The "best hope" crowd (education, environment, etc.) are those who don't know economics and don't want to.
A lot seems to depend on what you thnk the first mover is. Graduating ever more people is a supply-side move. It fundamentally assumes that if you increase the supply of skilled labor, the market will respond by utilizing it to meet/create demands.
Regarding the Vedder quote- this has been my suspicion for a while, so it's nice to see some numbers and evidence put to the claim. That said, I don't think that one can automatically claim anything about the link between education d productivity based on that claim, since it doesn't rule out the possibility that more educated people do the jobs better. Personally, I don't find this possibility to be very likely, but I can't rule it out without further information.
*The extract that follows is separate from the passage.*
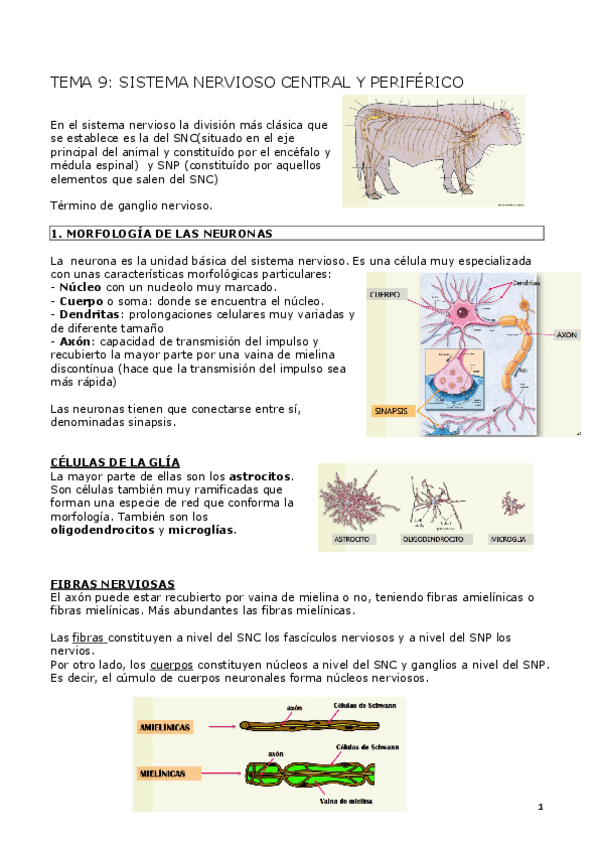 Miniatura del documento T.pdf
Makes total sense to me, because as more and more people are crammed into colleges, it just results in more people getting fluff degrees. It doesn't result in a society full of engineers and scientists.
This is what I hate about the whole argument assuming degree = a major increase in knowledge/wisdom. It is a lot like the lack of health insurance argument. The left argues not having health insurance somehow equates to lack of quality and affordable health care.
Having a degree does not mean one learned anything which would add to productivity. A degree does not equal more education let alone a useful education. Or as Mark Twain Said " I don't let my schooling get in the way of my education."
I would think the final outcome depends on whether a college education increases human capital even for those at the margin.
If there is a human capital increase, then these low skill businesses are investing in human capital, If they weren't why would they increase their hiring of college educated versus high school educated employees. These college educated would otherwise have higher unemployment rates than college grads, which they do not.
When businesses invest in more capital, there is usually, with some lag, a productivity gain in those businesses.
If the businesses that formerly hired high school and now hire college grads are now more productive, everyone wins. Employers make more profit and employees get raises.
the studies that tout the value of a degree focus on the average degree holder's income by thte average is the least insightful form of statistical analysis
First the government wants to support "worthwhile" education. Presumably things like science and engineering. Though I don't think it would be smart to crank out a whole more of them than we do now, the market doesn't seem to need them and I see science and engineering people moving into fields like IT because they can't find work.
But then it "grew" to include all the favorite things liberals love. All those things that the evil, uncaring market will not fund of its own accord.
So we either pull all government funding out of education (and presumably research), or we live with the inevitable mold and parasite growths. For it is impossible than any healthy creature can exist, without the rapid appearance of parasites who will find ways to live off of it.
Sometimes I wonder, if we got rid of all the garbage that drags the market down right now, what kinds of parasites would rush in to fill the vacuum?
There really isn't any excess demand for university graduates, at the same time there's been a explosion in supply.
A lot of the increase in demand for degree holders has come from employers who use a degree as a screening mechanism to make HR's job easier. It has nothing to do with actually NEEDED university educated employees.
You also hear people say that the problem is people aren't getting science or technical degrees but in reality there isn't much demand out there for math, physics, or chemistry majors either. Perhaps engineering is the only worthwhile degree but that means only a tiny percentage of university students are studying a program that will give them a ROI.
I think this is a serious issue as it seems that a huge cohort of the youth have essentially been miss-allocated and put into debt because of this misguided push for university education.